● **Recorded information**

Segment Open

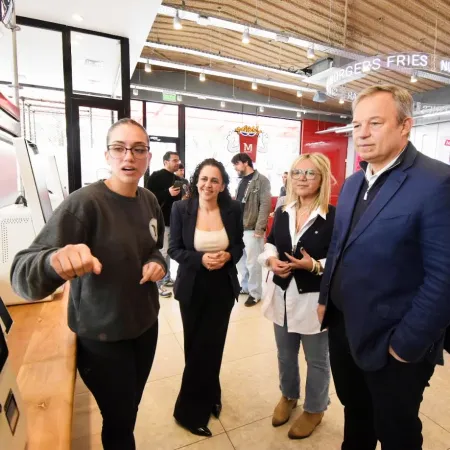 Cascallares, Fabiani y Paula Eichel participaron de la inauguración del nuevo local "Mostaza" en Almirante Brown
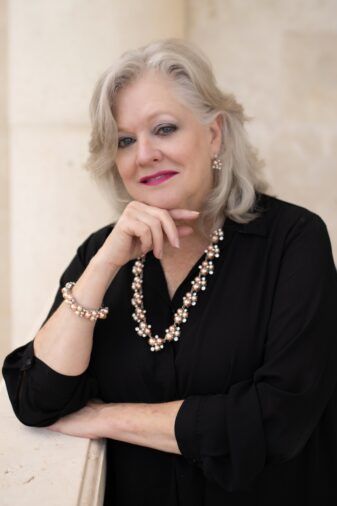 Groover-Skipper, Dotti photo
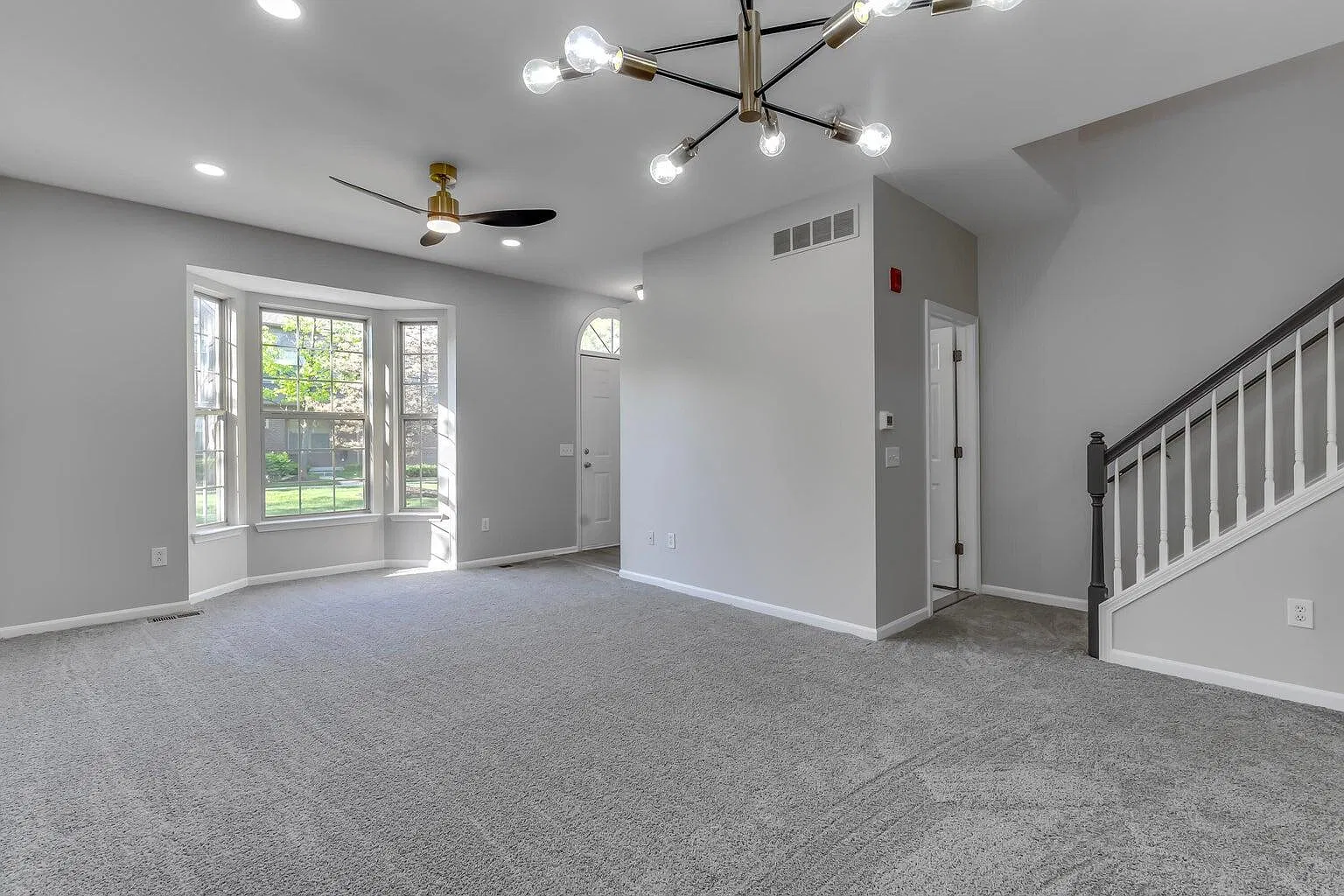 2 bed, 2.5 bath, 1502 sqft, $2,200 — Photo 3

Segment Closed

Set the lines down exactly as they stand, from the one containing "Groover-Skipper, Dotti photo" through the end of the listing, omitting every picture.

● **Task result**
 Groover-Skipper, Dotti photo
 2 bed, 2.5 bath, 1502 sqft, $2,200 — Photo 3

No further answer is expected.